- _EXERCISE GOAL_: What I need is an exact repeat of the lines from the one with "Wohnung zur Miete" through the end of the listing below. Leave out every picture.

- _ENTRIES PROVIDED_:

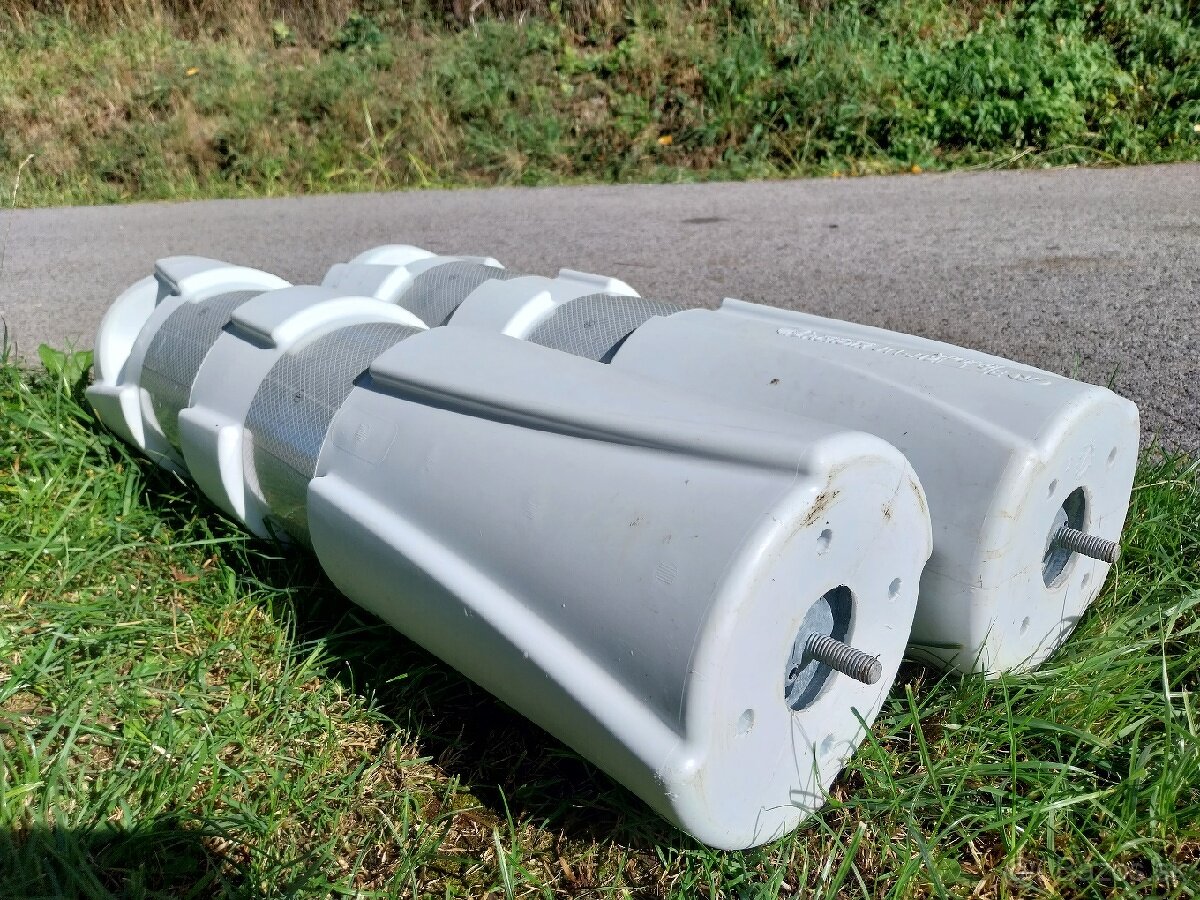 Stĺpiky , dopravné značenie - 3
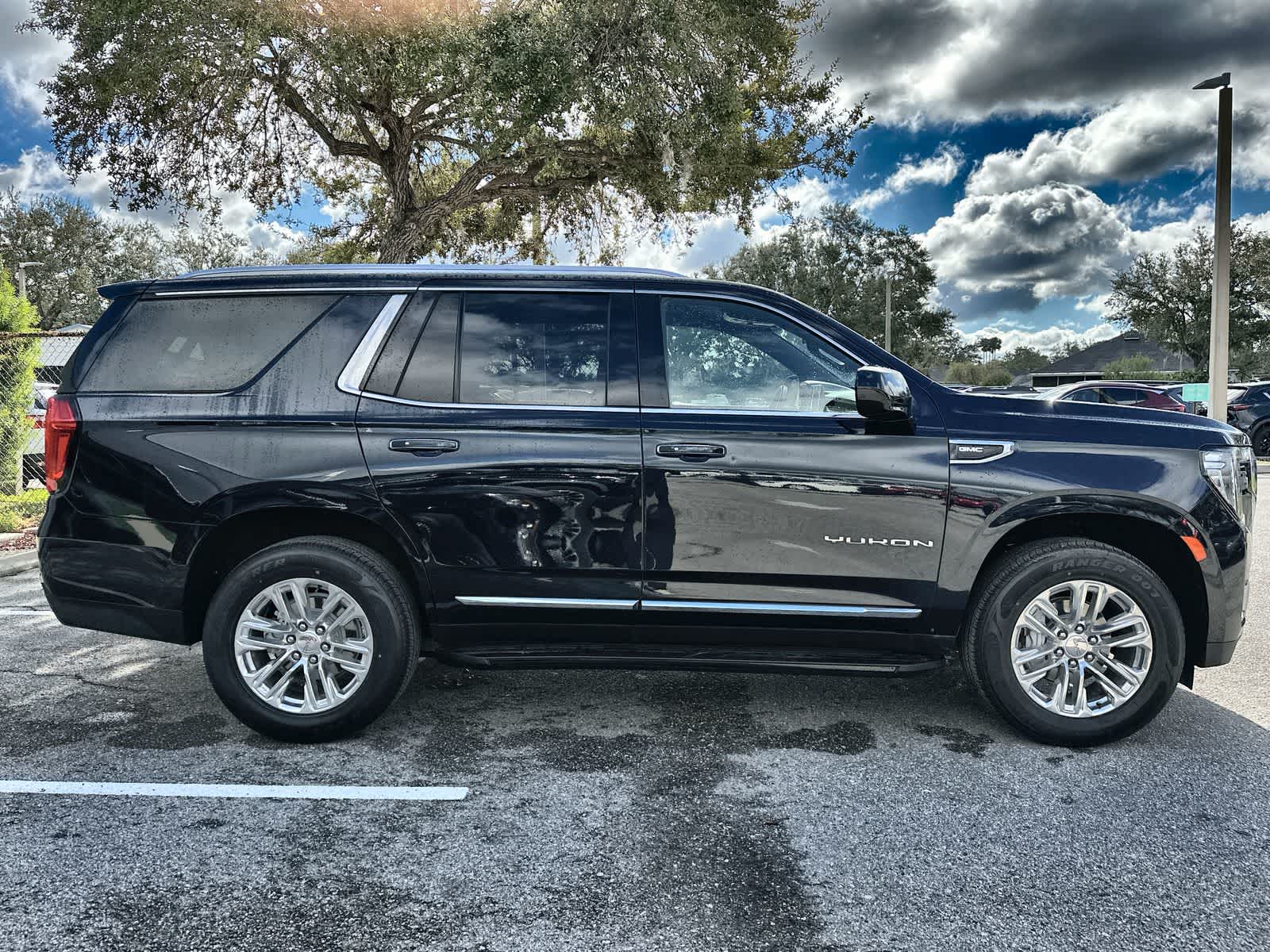 Thumbnail: 2024 GMC Yukon - 10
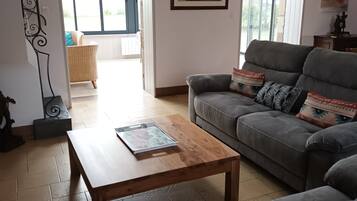 Télévision, lecteur de DVD, livres, chaßne hi-fi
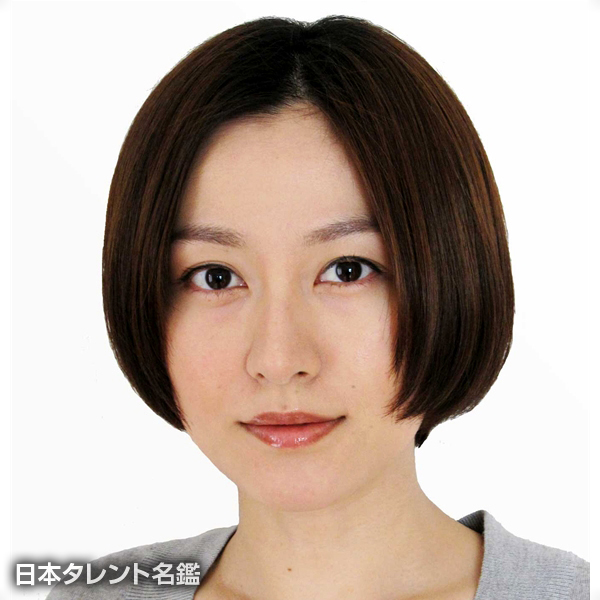 作間　ゆい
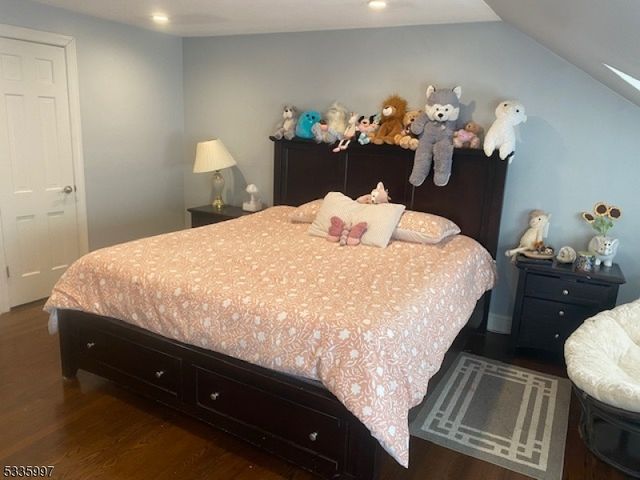 14 Sunrise Dr, Warren Twp., NJ 07059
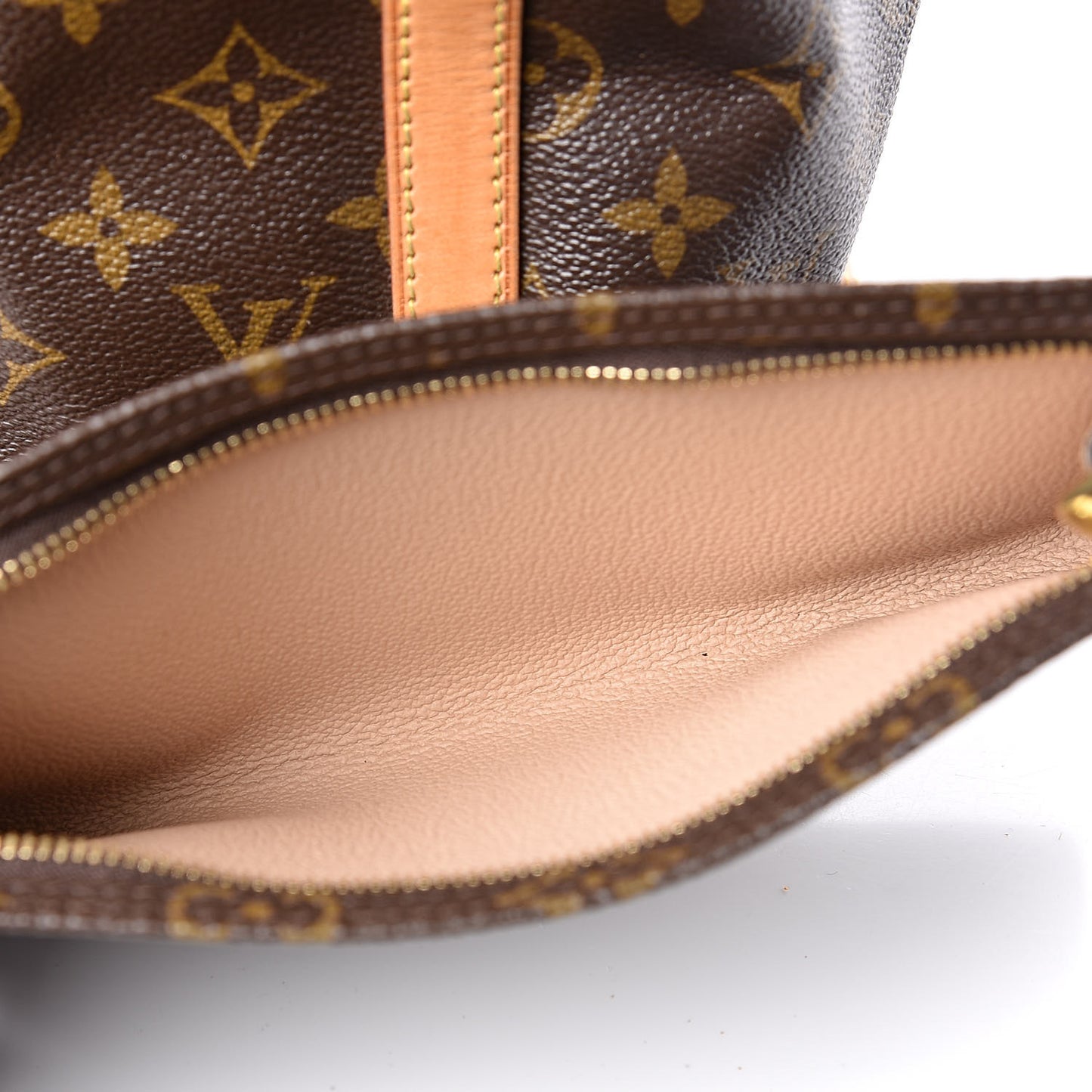 Monogram Bucket 27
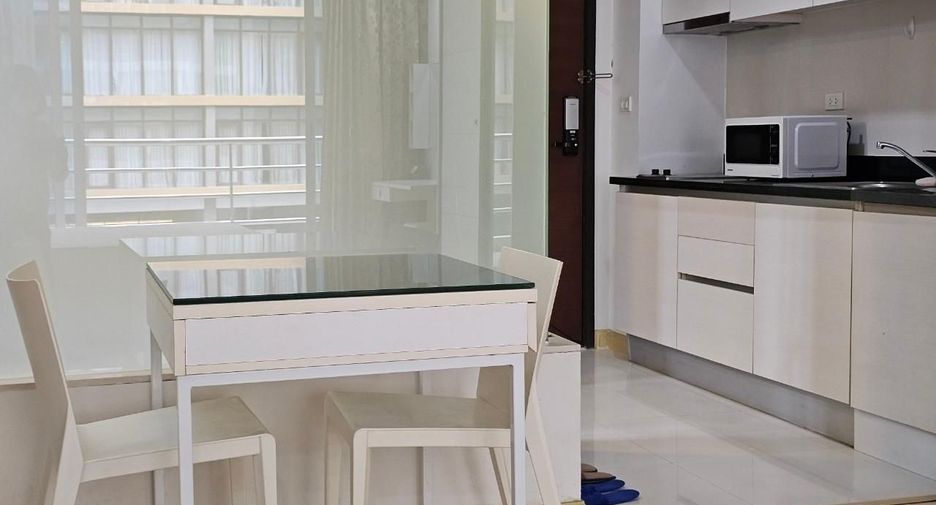 Wohnung zur Miete mit Studio in Pathum Wan, Bangkok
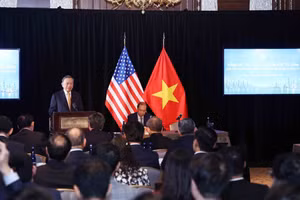Le SG du PCV et président To Lam prend la parole lors de la rencontre avec des experts et intellectuels vietnamiens aux États-Unis, le 21 septembre à New York Photo : VNA. 
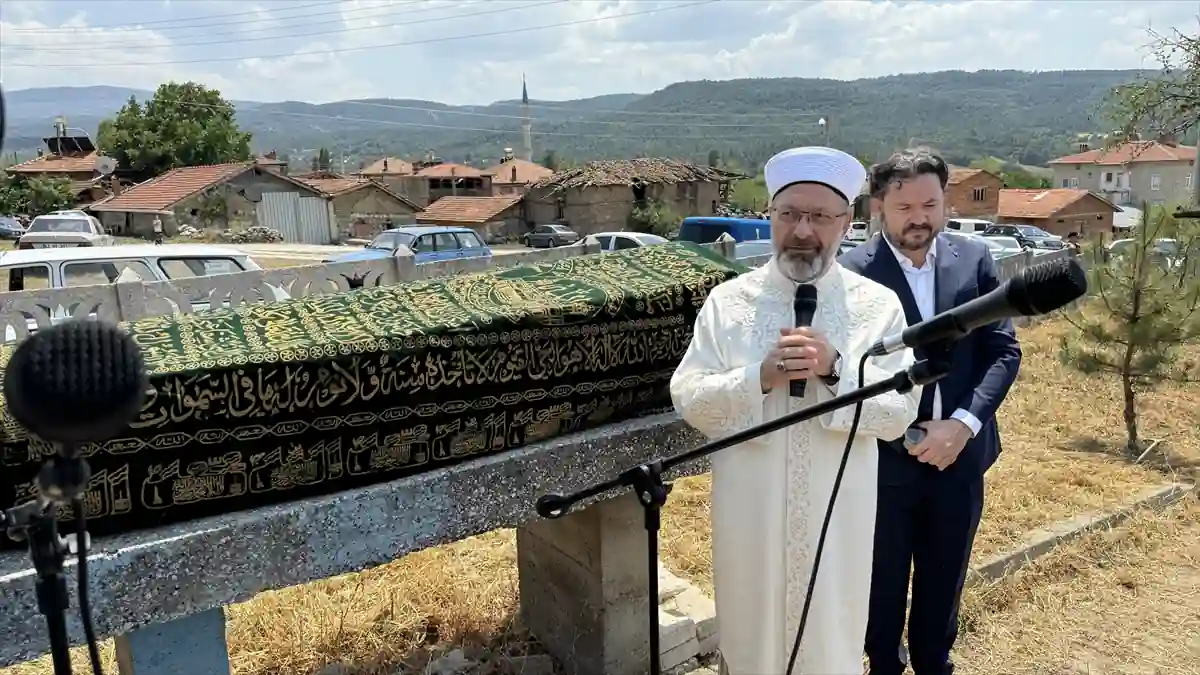 Diyanet İşleri Başkanı Erbaş, Kütahya'da cenaze törenine katıldı 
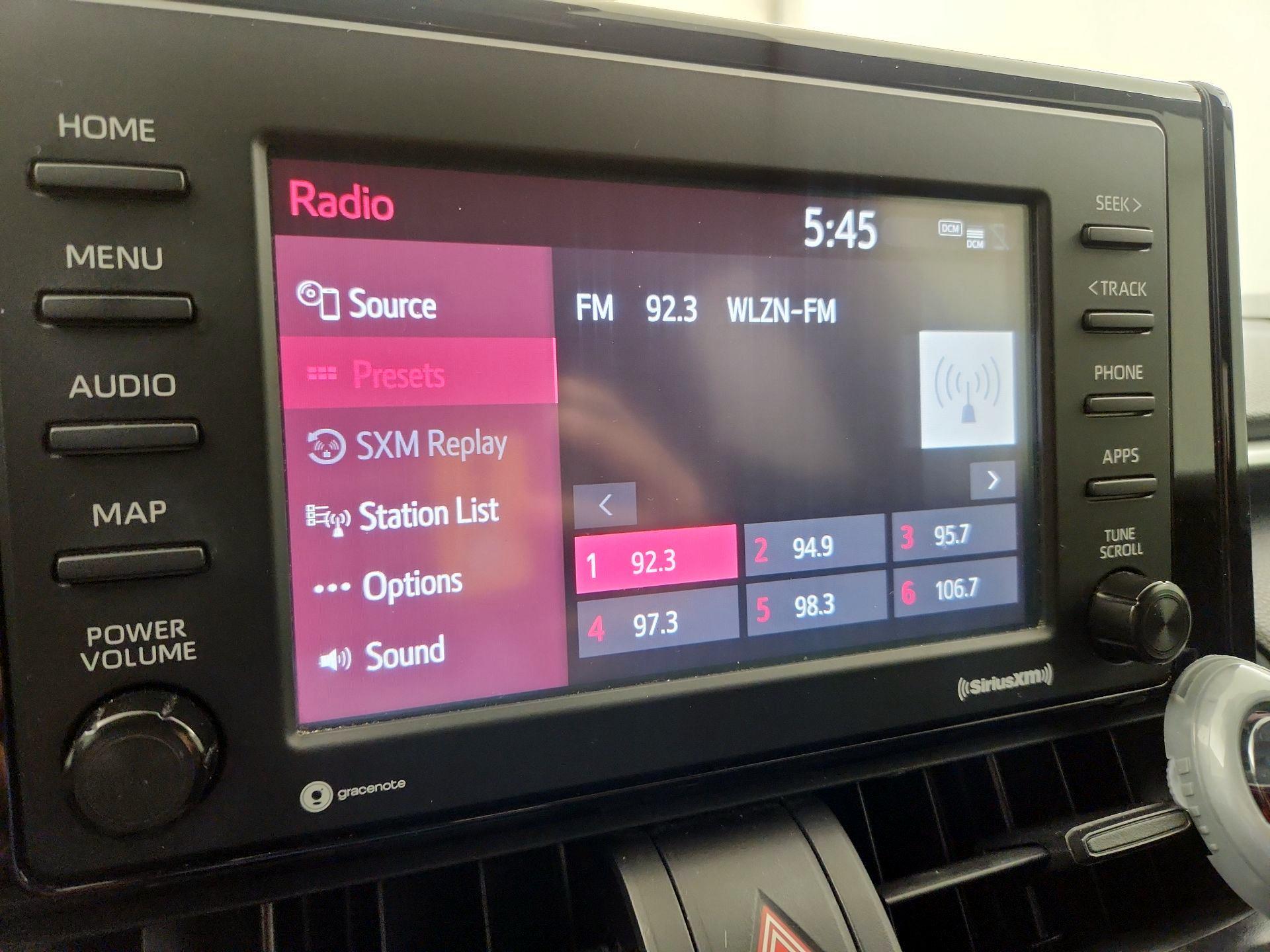 Thumbnail: 2020 Toyota RAV4 - 15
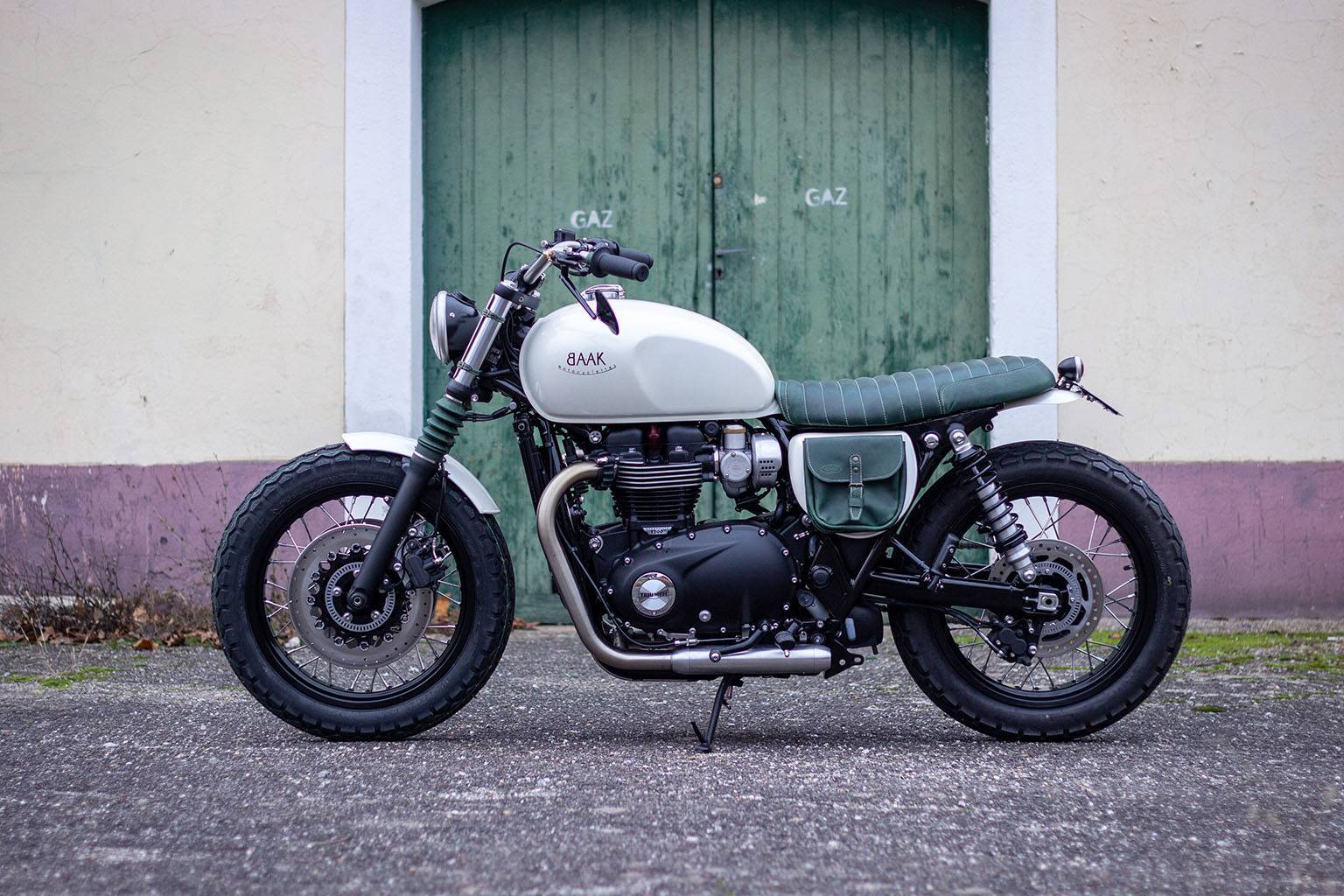 Богатое наследство: тест triumph bonneville t100 | тест-драйвы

- _YOUR RESPONSE_:
 Wohnung zur Miete mit Studio in Pathum Wan, Bangkok
Le SG du PCV et président To Lam prend la parole lors de la rencontre avec des experts et intellectuels vietnamiens aux États-Unis, le 21 septembre à New York Photo : VNA. 
 Diyanet İşleri Başkanı Erbaş, Kütahya'da cenaze törenine katıldı 
 Thumbnail: 2020 Toyota RAV4 - 15
 Богатое наследство: тест triumph bonneville t100 | тест-драйвы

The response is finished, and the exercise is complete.